Goblet by Fossoul, 2006

V.

Goblet tends to stick with a project for a long time, which tends to give her books the lived-in feel that comes from ongoing engagement and disengagement, of application and reflection. Nowhere is this truer than in Chronographie, which was released more or less simultaneously with Les Hommes-loups in 2010. This is perhaps Goblet’s most resonant work, beautiful for the simplicity of its concept and the complexity of its expression. The premise is simple, but has required unusual amounts of discipline and patience: roughly every fortnight for ten years, Goblet and her daughter Nikita Fossoul drew/painted each other’s portrait, adding the date to one of the sheets and occasionally annotating them further with thoughts and observations.
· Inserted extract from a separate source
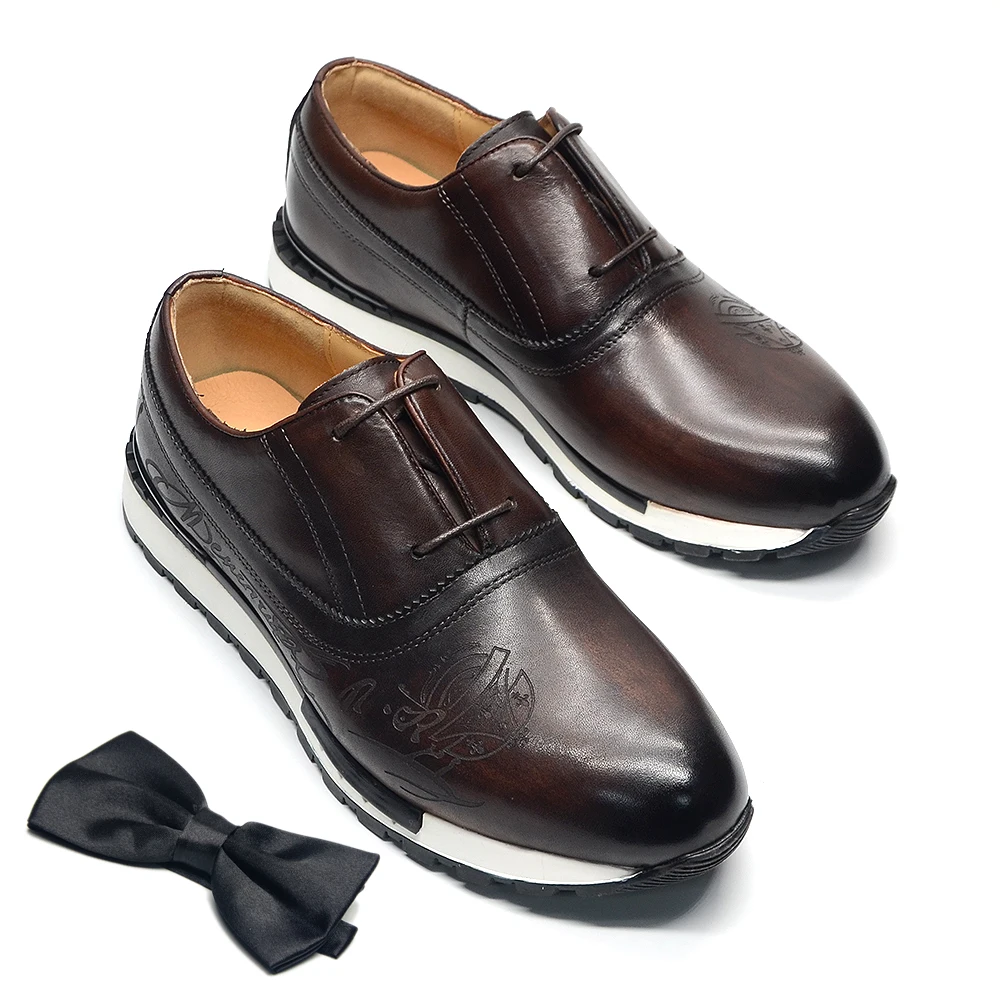 Schwarz Braun Blau Echtes Leder Herren Casual Sneaker Mode Elegante Mann Oxford Schuhe Business Büro Handgemachte Männliche Schuhe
They were ages 31 and 7, respectively, when they initiated what would become 273 sessions and yield twice that number of portraits.
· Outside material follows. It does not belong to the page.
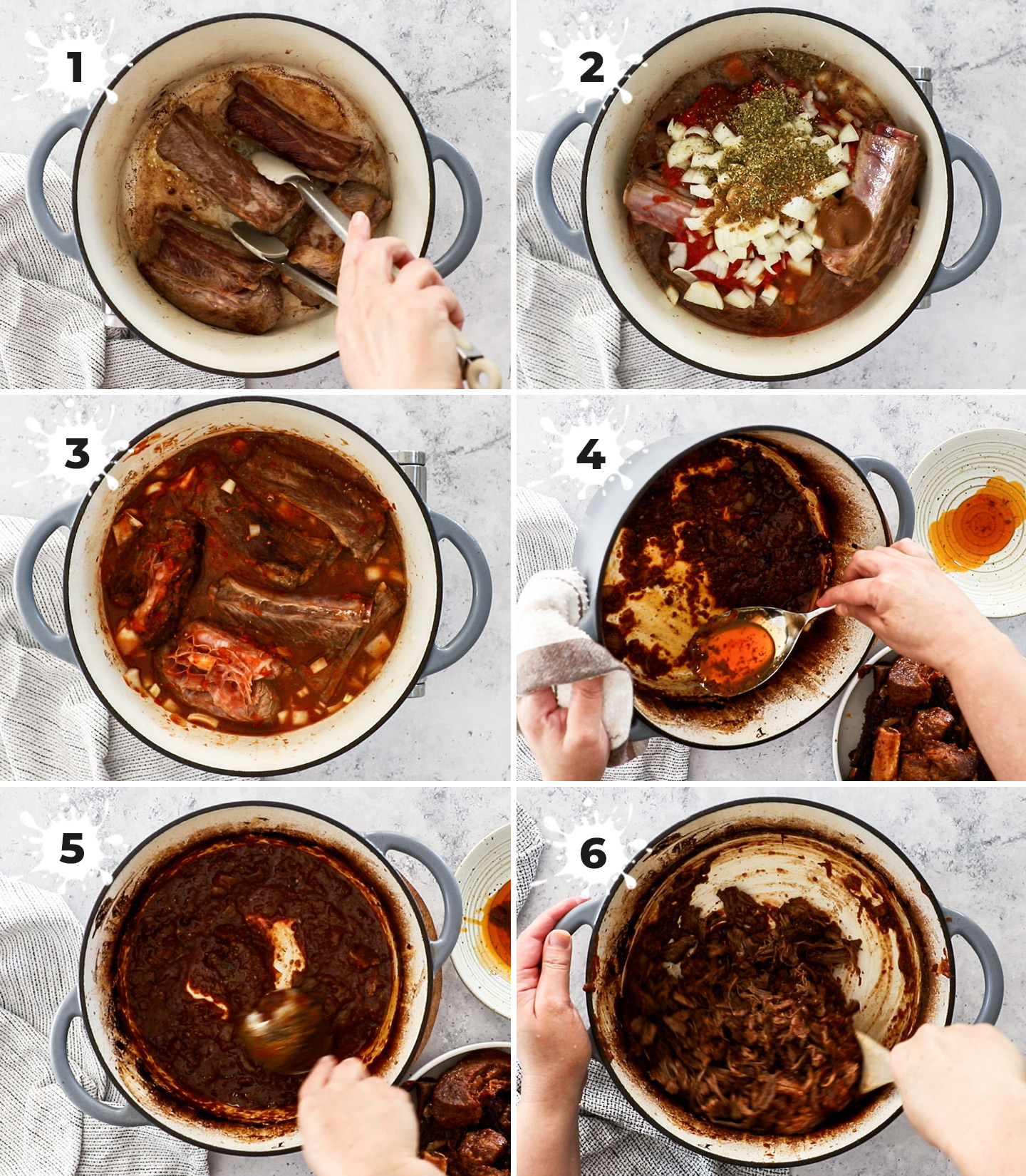 A collage showing how to make short rib tacos.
Spread from Chronographie with portraits from 2000

Collected in book form, the result is, in an extraordinarily real sense, the map of time that comics are often described as by virtue of form. We watch Nikita growing up before our eyes, while Dominique’s outward appearance is much more constant. At the same time, we see Nikita’s rendering style developing through trial, error, and experiment—obviously influenced by her mother, but more abstracted and therefore often more impactful, as well as sharper in her color choices. The more experienced Dominique draws with greater plasticity and attention to detail, and with richer color, and her style develops less, which nicely encapsulates visually the differences between the supple, evolving mind of a child and the consolidation that happens with age.

Goblet by Fossoul 2003

Strikingly, it is the less experienced Nikita’s portraits that seem the most nuanced. She seems to be paying closer attention to the state of things around her, and to her mother’s state of mind, than is the case with the latter. Nikita’s portraits of Goblet have greater range: she is more present on the page, her eyes darting about or intensely focused. Fossoul in Goblet’s rendering appears more passive, focused inward and almost invariably with her eyes downcast—most of the time presumably because Dominique drew her while she herself was drawing. Goblet’s portraits of her daughter are serious and beautiful, but also a bit too pretty. As she herself has described in interviews, they are filtered images—those of a mother seeing her daughter with tenderness to the detriment of clarity. This, however, only strengthens the book, because it downplays artistic ego for honesty, speaking volumes about the emotional bond between mother and daughter.

And writ large the book is the account of that bond. On a more fundamental level, however, it is a mutual self-portrait—an acknowledgement of the self as constituted in intimate relation to another. An elaborate but fragile architecture carefully but haphazardly built in time.